Repelita Jakarta - Kuasa hukum Kepala Desa (Kades) Kohod, Arsin, Yunihar, menegaskan bahwa kliennya tidak berdebat dengan Menteri Agraria dan Tata Ruang/Badan Pertanahan Nasional (ATR/BPN), Nusron Wahid. Menurutnya, gaya bahasa masyarakat Pantura memang cenderung berintonasi tinggi, sehingga terkesan seperti perdebatan, padahal tidak demikian.
"Sebetulnya tidak terjadi perdebatan. Gaya bahasa beliau yang keturunan Betawi, Pantura, tentu intonasinya seperti berdebat, apalagi kondisinya di pinggir laut," ujar Yunihar kepada awak media, Sabtu.

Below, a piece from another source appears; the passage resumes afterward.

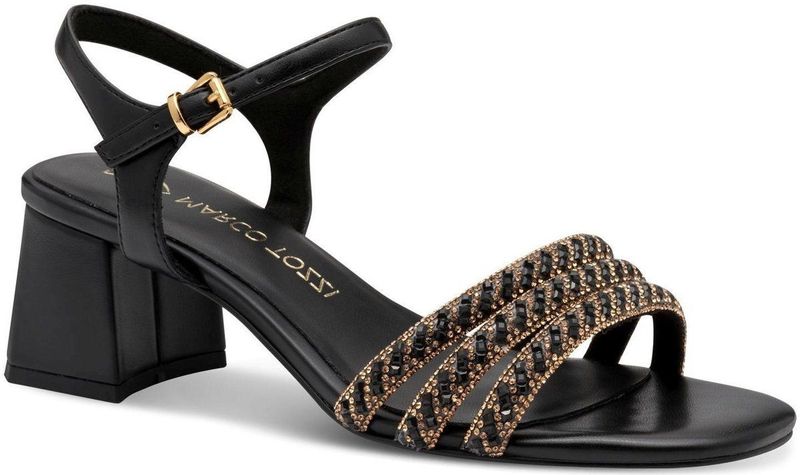 Marco Tozzi - Dames Sandaal - Zwart - Synthetisch - Blokhak 5,5 cm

Ia menambahkan, Arsin hanya ingin menyampaikan apa yang ia ketahui mengenai kewilayahan Desa Kohod, bukan bermaksud untuk berdebat dengan Menteri Nusron.
"Faktanya, dari sekian luas pesisir pantai itu, ada yang terkena abrasi. Walaupun dari beberapa dokumen dalam persyaratan peningkatan atas hak sertifikat kemudian diduga palsu, tapi realitasnya memang ada," lanjutnya.

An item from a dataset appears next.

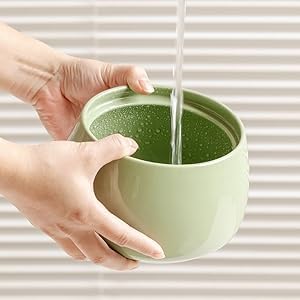 Miniatura 8 de Fuente de agua de cerámica para gatos, dispensador automático ultra silencioso de agua potable para mascotas para gatos en interiores con bonito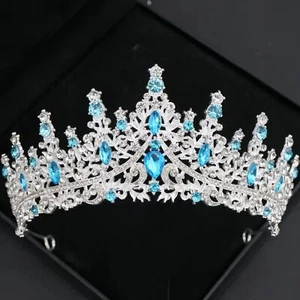 Wicked Silk Prom, Quinceanera Jeweled Crown Tiara Headband - Silver Light Blue - Picture 1 of 2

Namun, Yunihar menilai media telah membingkai seolah-olah terjadi perdebatan sengit antara Arsin dan Menteri ATR/BPN. Meski demikian, ia tak mempermasalahkan hal tersebut.
"Pada kesempatan ini kami sampaikan tidak ada perdebatan itu. Adapun karena beliau selaku pelayan publik, pimpinan di tingkat desa, mendampingi Pak Menteri, hanya ingin menyampaikan hal tersebut," tegasnya.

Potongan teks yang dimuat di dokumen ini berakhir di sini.